Dispersive fluxes are potentially significant in flows distorted by roughness elements, however they are rarely measured in the field because of the cost and difficulty of erecting numerous towers within a plant canopy or urban area. In wind tunnel experiments they are easier to measure, although constructing a true spatial average is often compromised by probe and traverse gear dimensions.
We compare dispersive fluxes of momentum and a scalar with area-averaged turbulent fluxes in a sparse wind-tunnel-model plant canopy. The Black Forest model was constructed of small light globes with a distinct crown and trunk region. Heat was used as a passive scalar that was independently introduced to the flow at ground and crown heights. Four scalar source distributions were generated, ranging from ground-only to canopy-only. Hotwire anemometery with simultaneous coldwire measurements were used to sample vertical profiles at eleven locations throughout the canopy area.
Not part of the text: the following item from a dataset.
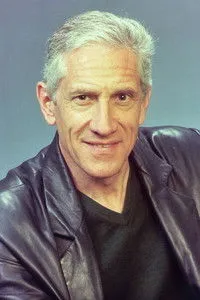 Richard Irving interpretando a Jack Riley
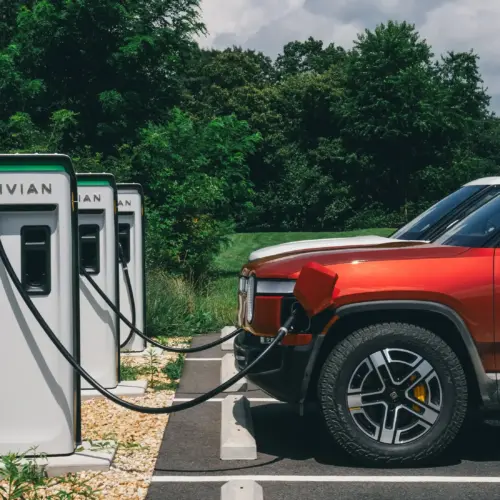 Rivian, 배터리 ‘하부 타격 방어막’ 특허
Comparisons of momentum fluxes show that the dispersive fluxes are much smaller in the upper canopy than the turbulent fluxes. At h, the area-averaged dispersive flux is of order 0.001 m2s-2 whereas the area-averaged turbulent flux is -0.558 m2s-2. These results support conclusions by other workers that dispersive momentum fluxes are insignificant in the upper canopy and for z > h. In contrast, for z < 0.5h, the dispersive flux is the same order of magnitude as the turbulent flux.
Over much of the canopy height, vertical gradients in dispersive momentum flux are 2-3 times smaller than those for turbulent momentum flux. Above 0.6h, however, dispersive flux divergence increases rapidly to a maximum of almost (minus) one half of the turbulent flux divergence. Neglect of the dispersive flux divergence term in this region of the canopy layer would lead to a 50% overestimation of the canopy drag.
Comparisons of scalar fluxes show that dispersive fluxes and turbulent fluxes are of similar magnitude within the model plant canopy. The greater importance of scalar dispersive fluxes relative to those for momentum follows because both w" and c" are asymmetrically disposed about each canopy element in contrast to the dispersive momentum flux where u" is symmetric and w" asymmetric about an element so that the spatial integral of their product is small (" denotes departures from the spatial mean). The role played by dispersive fluxes increases as the source distribution moves from canopy-only to ground-only.
The sum of dispersive and turbulent fluxes matches source distributions inferred from electrical loading only approximately. While some of this mismatch may be attributed to spatial undersampling, an important component of scalar turbulent flux is carried by eddies that cannot be resolved by the heat flux sensor. Spectral analysis confirms this.